- _ABOUT THIS EXERCISE_: When you return the lines below, go from the first through the line with "Capitulum sextum.", keep them exact, and leave out every picture.

- _AVAILABLE DATA_:
--------

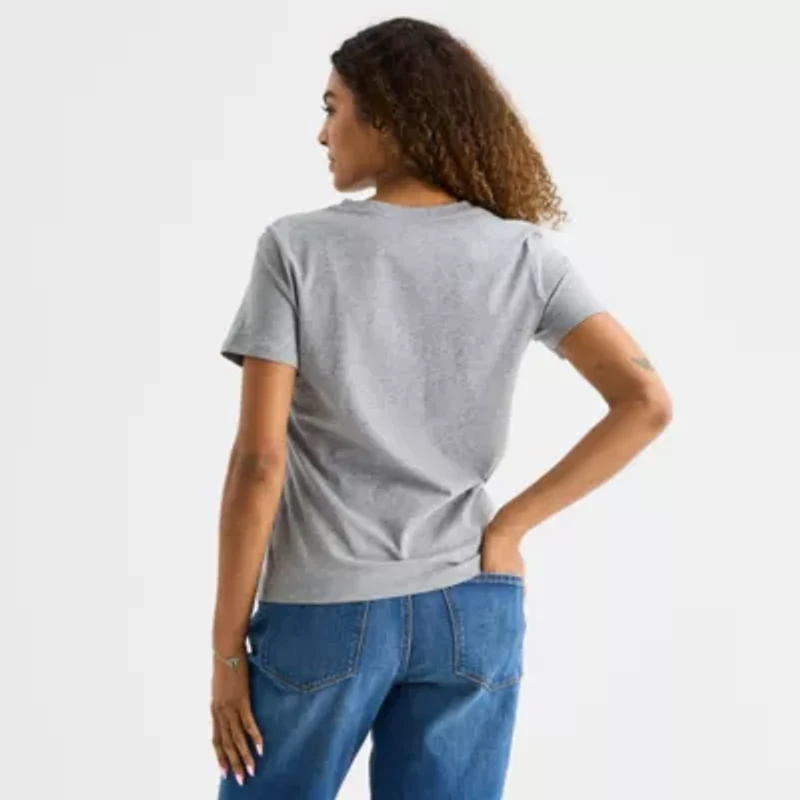 a.n.a Womens V Neck Short Sleeve T-Shirt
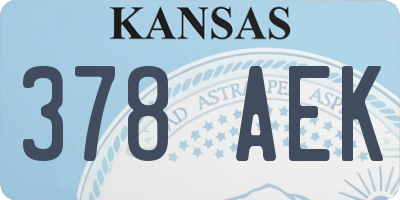 KS license plate 378AEK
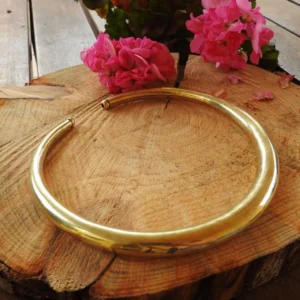 Collar gargantilla dorado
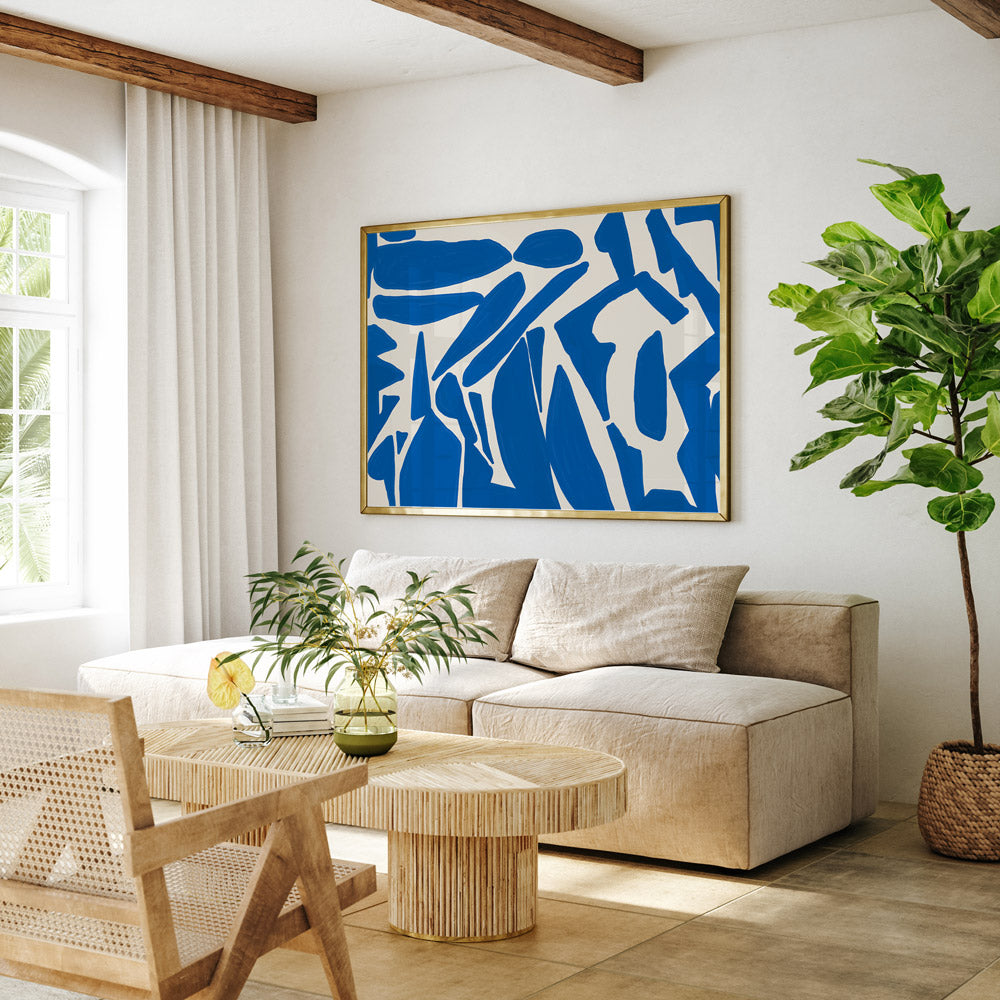 Voyage Abstract Art Paintings-Rolled Art-Nook At You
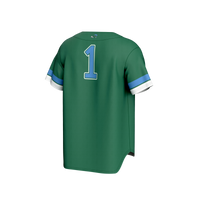 Tulane Green Wave Baseball Jersey, Fashion Lightweight Sportswear Jersey Shirt, Lightweight Breathable Athletic Jersey, Casual Gift for Men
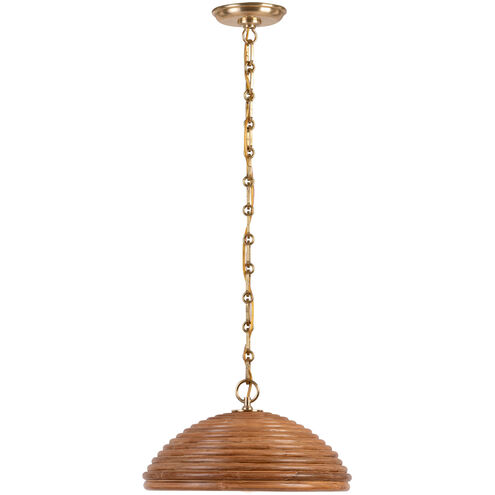 Suzanne Kasler Emerson LED 15.75 inch Hand-Rubbed Antique Brass Pendant Ceiling Light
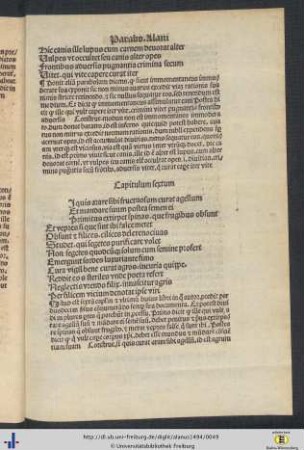 Capitulum sextum.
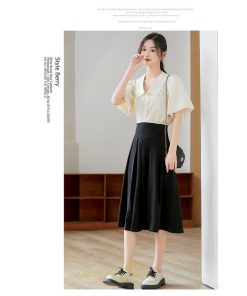 スカート | フレア ロング丈 膝丈 オフィス レディース 送料無料 20代 30代 40代 50代 レディースファッション 通勤 美脚 OL ビジネス オフィス お出かけ 面接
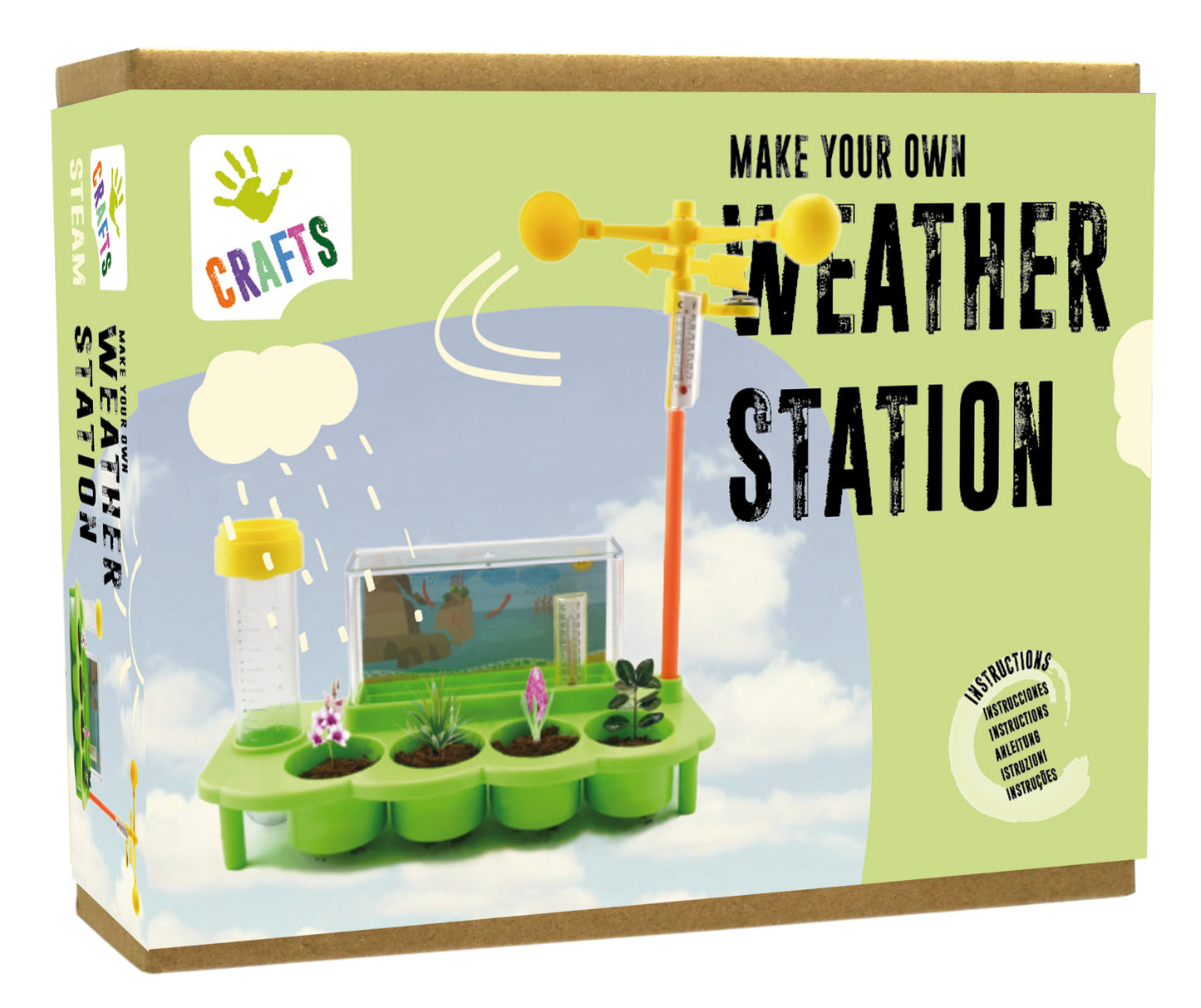 Make Your Own Weather Station / haz tu propia estacón meteorológica / steam / stem / manualidades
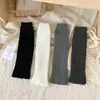 Meias de Outono e Inverno para Mulheres, Meias Quentes Estilo Japonês Cor Sólida para Meninas JK, Meias de Tricô da Moda para Panturrilha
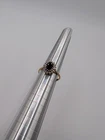 Vintage 9K Gold Sapphire Diamond Halo Ring Size 5 Oval Blue Sapphire Estate
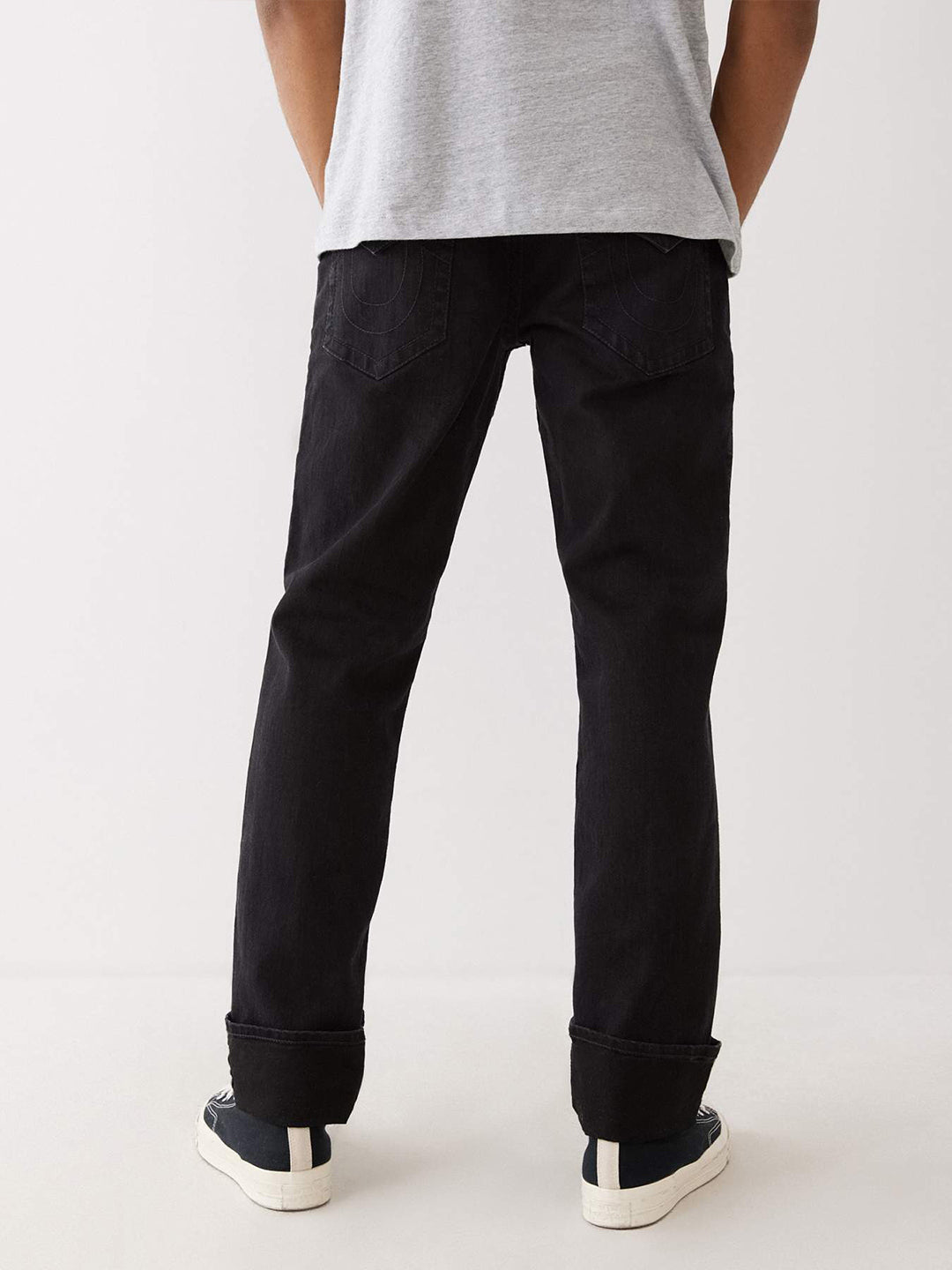 True Religion Men SN Ricky Straight Fit Mid Rise Jeans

--------

- _RESPONSE FOR THIS EXERCISE_:
 a.n.a Womens V Neck Short Sleeve T-Shirt
 KS license plate 378AEK
 Collar gargantilla dorado
 Voyage Abstract Art Paintings-Rolled Art-Nook At You
 Tulane Green Wave Baseball Jersey, Fashion Lightweight Sportswear Jersey Shirt, Lightweight Breathable Athletic Jersey, Casual Gift for Men
 Suzanne Kasler Emerson LED 15.75 inch Hand-Rubbed Antique Brass Pendant Ceiling Light
 Capitulum sextum.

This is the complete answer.